Action item >> Extract the full listing verbatim and drop any pictures from your copy.

Recorded information >>
::::
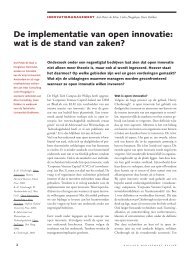 De implementatie van open innovatie: wat is de stand van ... - Sioo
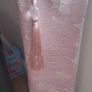 Pink curtains and tie backs  66x72 inches Image 2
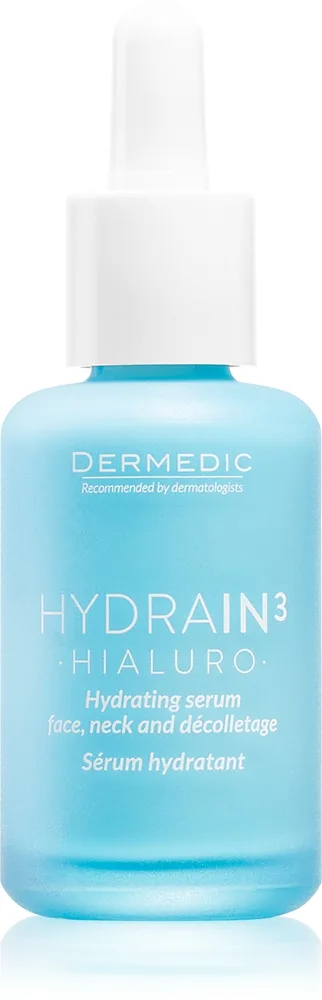 Dermedic Hydrain3 Hialuro kosteuttava kasvoseerumi kuivalle ja erittäin kuivalle iholle 30 ml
::::
Written solution >>
 De implementatie van open innovatie: wat is de stand van ... - Sioo
 Pink curtains and tie backs  66x72 inches Image 2
 Dermedic Hydrain3 Hialuro kosteuttava kasvoseerumi kuivalle ja erittäin kuivalle iholle 30 ml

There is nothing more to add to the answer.